# glxinfo Segmentation Fault

## Palhoto

glxgears works correctly, just glxinfo doesn't.

```

$ glxinfo

Segmentation fault

```

Other threads on the forums about glxinfo having a segmentation fault, also have glxgears not working (not this case).

Using NVidia 1.0.7174 (FX 5500), xorg 6.8.2-r1, AMD Sempron 2500+, 2.6.10-gentoo-r4. Module nvidia loads, GLX extension ok in xorg, "opengl-update nvidia".

EDIT:

```
$ modinfo nvidia

[...]

vermagic:       2.6.10-gentoo-r4 SMP preempt K7 4KSTACKS gcc-3.3

[...]
```

Could be the 4K Stacks in the kernel options... I'll upgrade to 2.6.11-gentoo-r9, switch the 4K stacks off and report back.

Thanks,

----------

## Palhoto

 *Palhoto wrote:*   

> Could be the 4K Stacks in the kernel options... I'll upgrade to 2.6.11-gentoo-r9, switch the 4K stacks off and report back.

 

Nope, not really, glxinfo still exits with a segmentation fault, glxgears still works. I tried running with other flags, but no other information is outputted.

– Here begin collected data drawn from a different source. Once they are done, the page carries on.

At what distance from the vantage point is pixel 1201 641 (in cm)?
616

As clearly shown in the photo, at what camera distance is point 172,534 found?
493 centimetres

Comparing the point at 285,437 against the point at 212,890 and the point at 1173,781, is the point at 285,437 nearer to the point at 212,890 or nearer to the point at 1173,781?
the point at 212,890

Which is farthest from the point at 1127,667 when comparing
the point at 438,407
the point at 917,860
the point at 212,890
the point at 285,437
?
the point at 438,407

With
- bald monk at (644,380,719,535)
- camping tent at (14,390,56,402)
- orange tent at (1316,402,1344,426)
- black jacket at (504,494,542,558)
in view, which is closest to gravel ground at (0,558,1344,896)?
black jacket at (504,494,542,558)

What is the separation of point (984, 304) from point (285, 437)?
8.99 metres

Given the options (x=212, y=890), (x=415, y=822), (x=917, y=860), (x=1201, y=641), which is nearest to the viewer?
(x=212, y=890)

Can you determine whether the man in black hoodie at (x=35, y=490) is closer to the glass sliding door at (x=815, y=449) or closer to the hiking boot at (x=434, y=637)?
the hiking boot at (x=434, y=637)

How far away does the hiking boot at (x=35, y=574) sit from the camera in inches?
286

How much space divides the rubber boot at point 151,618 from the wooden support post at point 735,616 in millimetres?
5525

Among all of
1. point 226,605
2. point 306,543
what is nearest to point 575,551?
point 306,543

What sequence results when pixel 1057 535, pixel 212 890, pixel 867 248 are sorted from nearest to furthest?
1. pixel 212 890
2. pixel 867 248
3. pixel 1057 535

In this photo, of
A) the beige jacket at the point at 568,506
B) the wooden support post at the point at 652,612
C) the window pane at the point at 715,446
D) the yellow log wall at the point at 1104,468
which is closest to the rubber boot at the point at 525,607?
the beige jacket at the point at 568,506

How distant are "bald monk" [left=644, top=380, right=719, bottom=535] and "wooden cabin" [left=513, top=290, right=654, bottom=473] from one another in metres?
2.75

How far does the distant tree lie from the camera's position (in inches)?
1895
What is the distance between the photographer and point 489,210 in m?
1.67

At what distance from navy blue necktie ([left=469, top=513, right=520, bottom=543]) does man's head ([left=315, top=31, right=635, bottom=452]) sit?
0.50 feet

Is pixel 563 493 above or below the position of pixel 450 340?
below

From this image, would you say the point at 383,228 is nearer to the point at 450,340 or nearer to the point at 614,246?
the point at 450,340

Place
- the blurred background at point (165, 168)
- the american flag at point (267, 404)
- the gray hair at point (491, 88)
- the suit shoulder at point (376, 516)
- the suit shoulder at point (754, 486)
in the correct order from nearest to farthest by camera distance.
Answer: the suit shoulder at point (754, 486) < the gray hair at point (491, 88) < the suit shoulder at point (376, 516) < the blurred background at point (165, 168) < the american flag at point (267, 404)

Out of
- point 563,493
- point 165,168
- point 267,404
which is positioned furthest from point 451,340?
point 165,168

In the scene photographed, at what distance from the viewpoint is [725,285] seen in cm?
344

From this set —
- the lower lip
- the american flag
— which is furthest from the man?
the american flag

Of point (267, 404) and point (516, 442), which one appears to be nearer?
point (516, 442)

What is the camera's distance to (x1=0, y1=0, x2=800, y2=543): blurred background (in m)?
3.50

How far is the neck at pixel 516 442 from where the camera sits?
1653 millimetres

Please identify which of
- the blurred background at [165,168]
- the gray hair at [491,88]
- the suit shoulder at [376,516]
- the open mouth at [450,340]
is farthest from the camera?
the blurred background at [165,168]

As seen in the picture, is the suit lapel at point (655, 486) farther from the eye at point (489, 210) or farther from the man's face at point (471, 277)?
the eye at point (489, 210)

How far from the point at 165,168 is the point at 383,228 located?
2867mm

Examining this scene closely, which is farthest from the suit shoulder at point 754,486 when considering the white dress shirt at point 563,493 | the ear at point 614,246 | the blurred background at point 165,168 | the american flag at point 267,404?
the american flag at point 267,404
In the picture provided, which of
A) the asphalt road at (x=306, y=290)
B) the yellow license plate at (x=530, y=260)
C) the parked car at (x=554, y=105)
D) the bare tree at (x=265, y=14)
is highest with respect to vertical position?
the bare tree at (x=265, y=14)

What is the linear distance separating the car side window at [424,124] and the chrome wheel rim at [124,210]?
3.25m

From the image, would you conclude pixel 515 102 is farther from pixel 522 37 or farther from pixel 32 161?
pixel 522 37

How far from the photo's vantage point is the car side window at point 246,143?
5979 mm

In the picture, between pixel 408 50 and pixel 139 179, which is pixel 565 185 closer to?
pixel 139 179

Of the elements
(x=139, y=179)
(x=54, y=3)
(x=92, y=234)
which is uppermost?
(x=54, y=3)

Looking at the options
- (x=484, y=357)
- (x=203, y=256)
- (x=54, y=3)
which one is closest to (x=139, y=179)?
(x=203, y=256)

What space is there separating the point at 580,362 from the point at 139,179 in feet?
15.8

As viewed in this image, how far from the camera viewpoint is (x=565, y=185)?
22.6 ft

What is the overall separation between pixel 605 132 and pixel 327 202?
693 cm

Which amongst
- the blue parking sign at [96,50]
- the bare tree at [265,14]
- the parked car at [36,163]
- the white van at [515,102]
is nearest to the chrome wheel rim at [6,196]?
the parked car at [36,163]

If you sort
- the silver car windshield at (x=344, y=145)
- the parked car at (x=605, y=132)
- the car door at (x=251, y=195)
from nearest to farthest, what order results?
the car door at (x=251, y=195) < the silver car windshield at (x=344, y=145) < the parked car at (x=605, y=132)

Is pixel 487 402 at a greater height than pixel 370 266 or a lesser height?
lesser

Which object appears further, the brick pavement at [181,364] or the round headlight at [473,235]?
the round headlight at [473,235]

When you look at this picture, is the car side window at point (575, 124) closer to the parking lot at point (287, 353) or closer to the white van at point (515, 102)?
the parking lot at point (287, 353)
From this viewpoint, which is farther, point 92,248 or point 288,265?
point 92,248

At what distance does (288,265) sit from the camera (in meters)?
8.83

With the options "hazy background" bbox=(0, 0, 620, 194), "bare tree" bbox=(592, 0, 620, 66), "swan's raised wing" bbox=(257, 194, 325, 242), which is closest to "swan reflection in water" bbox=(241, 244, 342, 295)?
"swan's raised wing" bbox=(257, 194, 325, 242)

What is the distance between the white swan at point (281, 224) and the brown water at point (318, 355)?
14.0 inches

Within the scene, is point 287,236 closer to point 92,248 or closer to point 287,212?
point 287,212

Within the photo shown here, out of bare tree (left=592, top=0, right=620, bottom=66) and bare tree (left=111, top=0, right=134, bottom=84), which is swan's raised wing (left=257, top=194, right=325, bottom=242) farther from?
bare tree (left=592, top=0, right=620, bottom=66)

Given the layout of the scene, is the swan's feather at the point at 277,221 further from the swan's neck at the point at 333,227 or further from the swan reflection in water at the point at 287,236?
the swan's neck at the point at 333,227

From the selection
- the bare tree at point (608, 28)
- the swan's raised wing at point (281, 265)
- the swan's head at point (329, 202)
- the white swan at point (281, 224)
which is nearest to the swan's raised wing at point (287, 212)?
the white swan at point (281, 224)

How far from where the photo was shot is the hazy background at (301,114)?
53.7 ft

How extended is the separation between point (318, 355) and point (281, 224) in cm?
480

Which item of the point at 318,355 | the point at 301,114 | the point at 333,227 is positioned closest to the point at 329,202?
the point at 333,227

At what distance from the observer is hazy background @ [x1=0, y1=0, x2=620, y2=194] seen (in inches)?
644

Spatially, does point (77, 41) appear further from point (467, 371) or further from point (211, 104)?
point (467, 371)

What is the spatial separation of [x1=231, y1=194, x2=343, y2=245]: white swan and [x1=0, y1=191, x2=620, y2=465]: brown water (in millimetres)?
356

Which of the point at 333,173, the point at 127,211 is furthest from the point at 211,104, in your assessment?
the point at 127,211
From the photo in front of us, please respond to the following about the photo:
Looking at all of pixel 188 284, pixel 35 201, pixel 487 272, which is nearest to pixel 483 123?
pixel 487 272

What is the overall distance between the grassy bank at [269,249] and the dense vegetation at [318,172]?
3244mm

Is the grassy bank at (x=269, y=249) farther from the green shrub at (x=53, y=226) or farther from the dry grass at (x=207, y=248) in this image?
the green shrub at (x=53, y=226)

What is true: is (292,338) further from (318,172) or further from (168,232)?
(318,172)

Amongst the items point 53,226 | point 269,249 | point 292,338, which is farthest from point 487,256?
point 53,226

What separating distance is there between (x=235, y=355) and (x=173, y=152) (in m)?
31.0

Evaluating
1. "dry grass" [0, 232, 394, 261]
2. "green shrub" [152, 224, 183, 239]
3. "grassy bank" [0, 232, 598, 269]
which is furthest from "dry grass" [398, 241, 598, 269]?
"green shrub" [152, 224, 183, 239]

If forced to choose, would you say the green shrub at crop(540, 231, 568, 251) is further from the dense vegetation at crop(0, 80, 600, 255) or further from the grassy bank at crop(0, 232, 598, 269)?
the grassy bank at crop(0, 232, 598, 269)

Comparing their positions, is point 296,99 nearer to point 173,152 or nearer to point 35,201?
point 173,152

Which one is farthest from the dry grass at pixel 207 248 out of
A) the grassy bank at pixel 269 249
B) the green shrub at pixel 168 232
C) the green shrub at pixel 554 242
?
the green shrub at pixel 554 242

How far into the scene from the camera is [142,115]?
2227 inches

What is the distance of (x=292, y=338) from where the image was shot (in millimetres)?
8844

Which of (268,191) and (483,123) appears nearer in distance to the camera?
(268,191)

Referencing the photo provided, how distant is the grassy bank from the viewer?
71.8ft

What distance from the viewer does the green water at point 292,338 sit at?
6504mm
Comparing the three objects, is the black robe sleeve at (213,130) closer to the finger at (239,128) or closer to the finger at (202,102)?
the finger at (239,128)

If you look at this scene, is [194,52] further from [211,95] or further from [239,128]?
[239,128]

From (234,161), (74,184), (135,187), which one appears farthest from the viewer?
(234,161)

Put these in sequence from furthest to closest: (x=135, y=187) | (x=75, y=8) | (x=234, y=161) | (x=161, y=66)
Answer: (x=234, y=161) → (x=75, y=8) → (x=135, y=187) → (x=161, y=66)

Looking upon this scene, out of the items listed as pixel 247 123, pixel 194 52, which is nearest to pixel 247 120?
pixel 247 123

Complete modinfo nvidia (this time the parmtypes appear, they didn't with the 2.6.10 kernel).

```
$ modinfo nvidia

license:        NVIDIA

alias:          char-major-195-*

parmtype:       nv_disable_pat:int

parmtype:       NVreg_VideoMemoryTypeOverride:int

parmtype:       NVreg_EnableVia4x:int

parmtype:       NVreg_EnableALiAGP:int

parmtype:       NVreg_ReqAGPRate:int

parmtype:       NVreg_NvAGP:int

parmtype:       NVreg_EnableAGPSBA:int

parmtype:       NVreg_EnableAGPFW:int

parmtype:       NVreg_SoftEDIDs:int

parmtype:       NVreg_Mobile:int

parmtype:       NVreg_ResmanDebugLevel:int

parmtype:       NVreg_FlatPanelMode:int

parmtype:       NVreg_DevicesConnected:int

parmtype:       NVreg_VideoEnhancement:int

parmtype:       NVreg_RmLogonRC:int

vermagic:       2.6.11-gentoo-r9 SMP preempt K7 gcc-3.3

depends:

alias:          pci:v000010DEd*sv*sd*bc03sc00i00*
```

----------

## Cintra

Perhaps you should reopen bug 82730..

Mvh

----------

## Palhoto

 *Cintra wrote:*   

> Perhaps you should reopen bug 82730..
> 
> Mvh

 

Thanks for the info, but (un)fortunately it's not the same thing.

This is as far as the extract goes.